PROBLEM TO SOLVE - Print, with no pictures, the exact lines that run from the one containing "2023 Volkswagen Tiguan" through the last line of the material below, both ends included.
*** MATERIAL PROVIDED ***
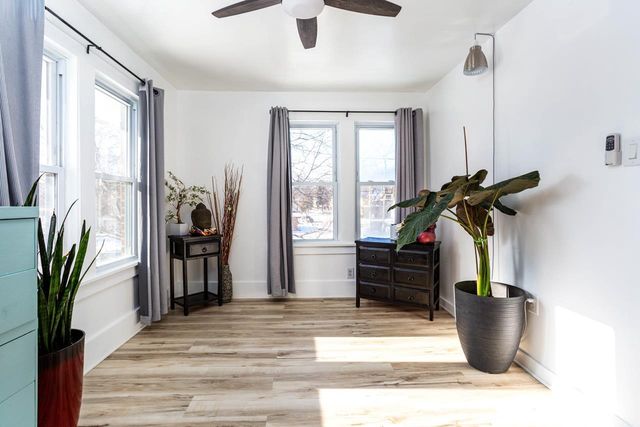 744 Milton Avenue, Janesville, WI 53545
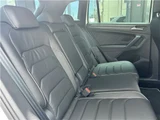 2023 Volkswagen Tiguan 4WD Sedan for sale, Japanese used car export - photo 15 of 56 | GULJI TRADERS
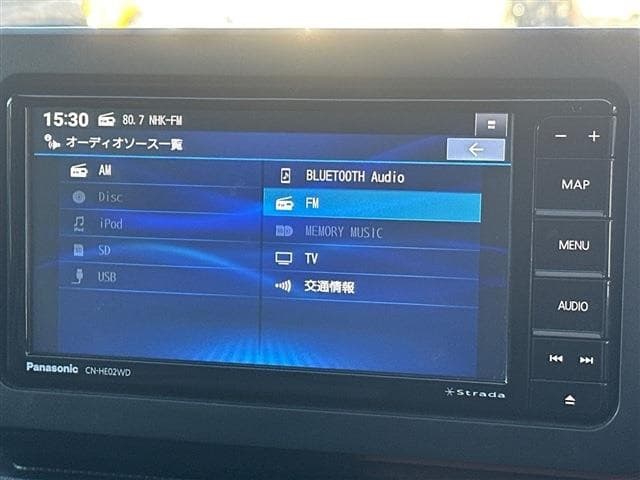 サムネイル 4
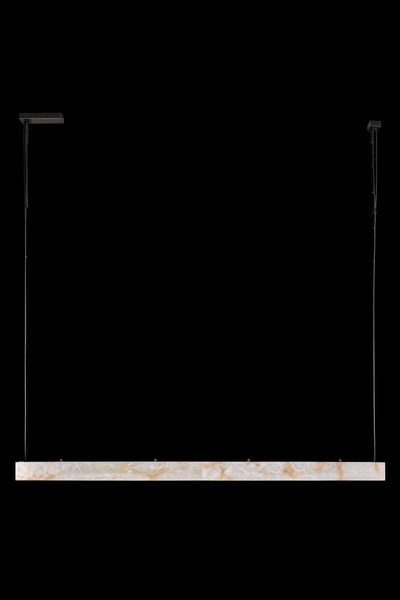 Подвесной светильник Vellosso FL1207-16PL, LED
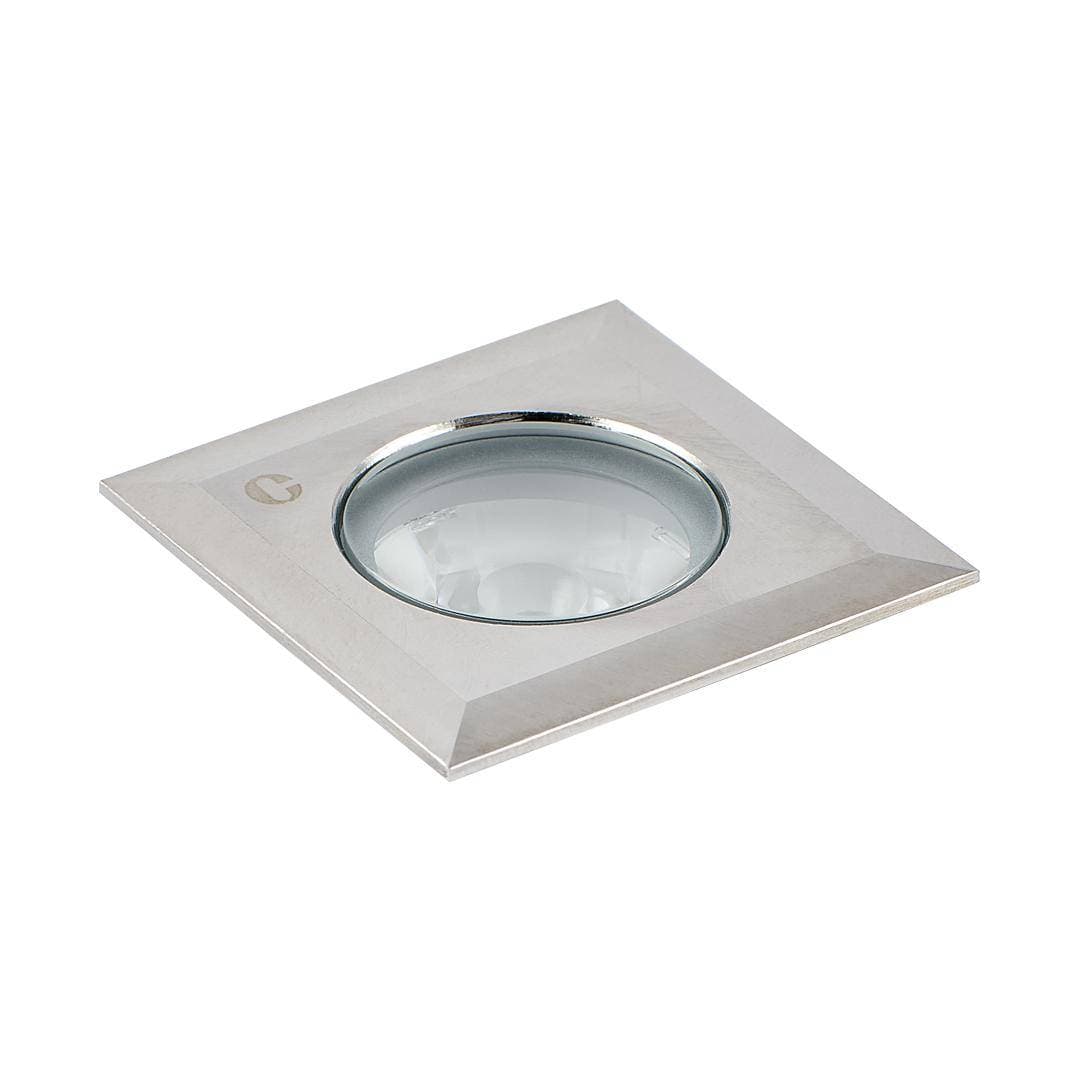 GL019 Square image 3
*** End of MATERIAL PROVIDED ***
TASK RESULT -
 2023 Volkswagen Tiguan 4WD Sedan for sale, Japanese used car export - photo 15 of 56 | GULJI TRADERS
 サムネイル 4
 Подвесной светильник Vellosso FL1207-16PL, LED
 GL019 Square image 3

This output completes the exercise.